● **GIVEN DATA**

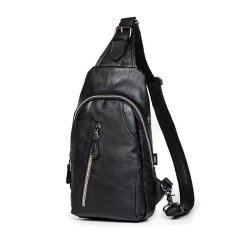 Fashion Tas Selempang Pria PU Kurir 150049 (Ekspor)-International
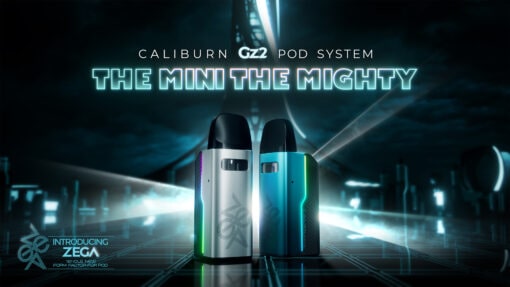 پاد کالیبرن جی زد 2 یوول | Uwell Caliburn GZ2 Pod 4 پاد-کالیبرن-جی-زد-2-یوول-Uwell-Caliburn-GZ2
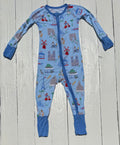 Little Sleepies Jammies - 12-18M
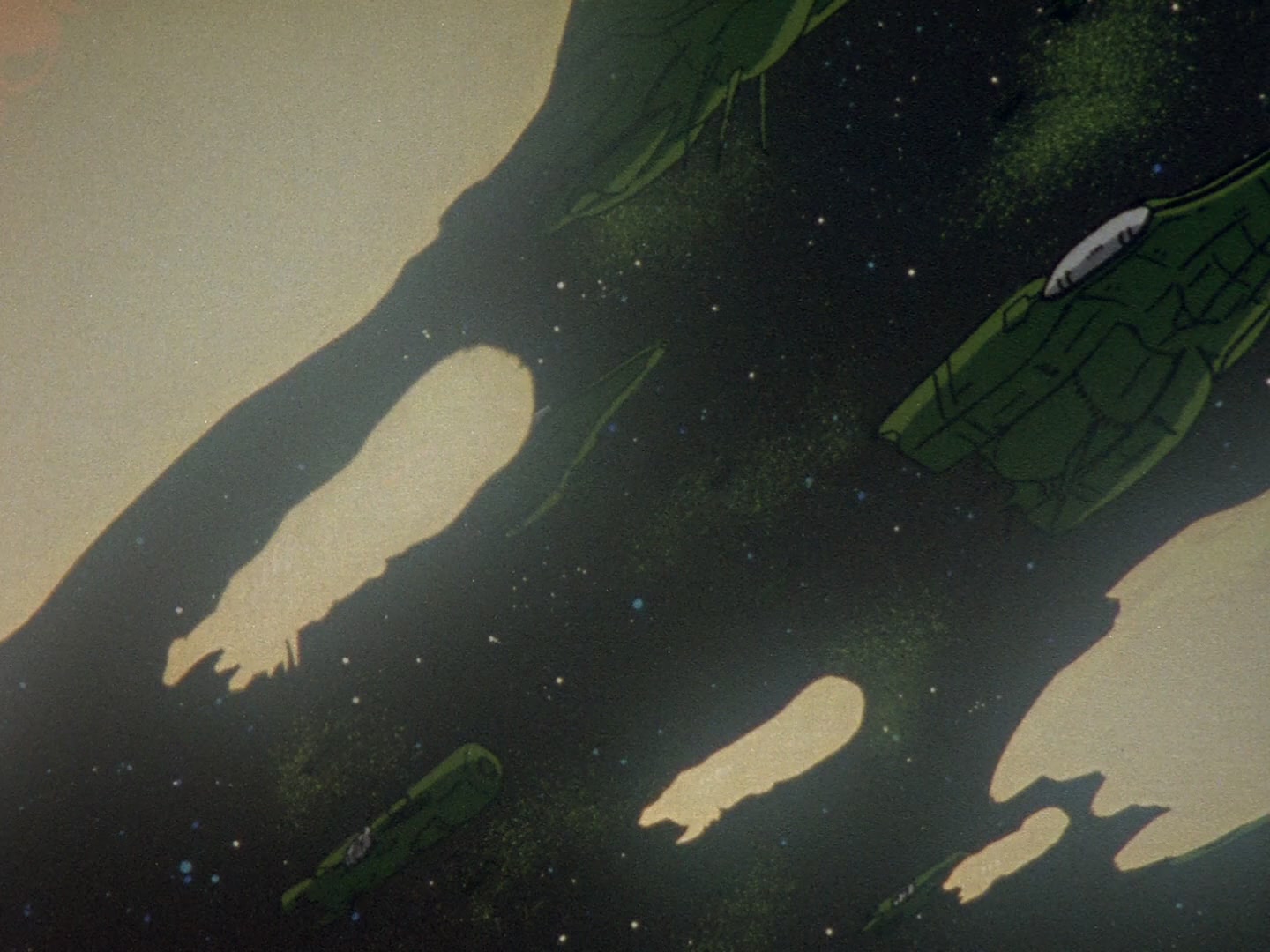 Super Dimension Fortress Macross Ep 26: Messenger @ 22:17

● **EXERCISE PROMPT**
Your output should be the lines from the line containing "Little Sleepies Jammies - 12-18M" through the last line of the listing above, restated exactly, with no pictures among them.

● **OUTPUT FOR THIS EXERCISE**
 Little Sleepies Jammies - 12-18M
 Super Dimension Fortress Macross Ep 26: Messenger @ 22:17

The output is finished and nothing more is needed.